▼
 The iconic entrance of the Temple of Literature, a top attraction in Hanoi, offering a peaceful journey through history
▲
▼
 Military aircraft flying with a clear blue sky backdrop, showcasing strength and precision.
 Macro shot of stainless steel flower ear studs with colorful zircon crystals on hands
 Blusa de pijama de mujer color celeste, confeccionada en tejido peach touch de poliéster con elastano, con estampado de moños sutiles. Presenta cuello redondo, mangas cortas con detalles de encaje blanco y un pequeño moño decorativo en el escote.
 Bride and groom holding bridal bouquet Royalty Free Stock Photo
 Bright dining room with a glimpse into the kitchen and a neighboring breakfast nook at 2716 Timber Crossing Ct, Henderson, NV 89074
▲
▼
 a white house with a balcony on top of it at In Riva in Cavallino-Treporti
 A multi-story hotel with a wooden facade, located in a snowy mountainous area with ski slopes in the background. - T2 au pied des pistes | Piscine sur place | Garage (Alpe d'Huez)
▲
Brief => Using the records above, set down exactly the lines from the one with "Macro shot of" through the one with "Bright dining room", inclusive, and nothing more.

Completed exercise =>
 Macro shot of stainless steel flower ear studs with colorful zircon crystals on hands
 Blusa de pijama de mujer color celeste, confeccionada en tejido peach touch de poliéster con elastano, con estampado de moños sutiles. Presenta cuello redondo, mangas cortas con detalles de encaje blanco y un pequeño moño decorativo en el escote.
 Bride and groom holding bridal bouquet Royalty Free Stock Photo
 Bright dining room with a glimpse into the kitchen and a neighboring breakfast nook at 2716 Timber Crossing Ct, Henderson, NV 89074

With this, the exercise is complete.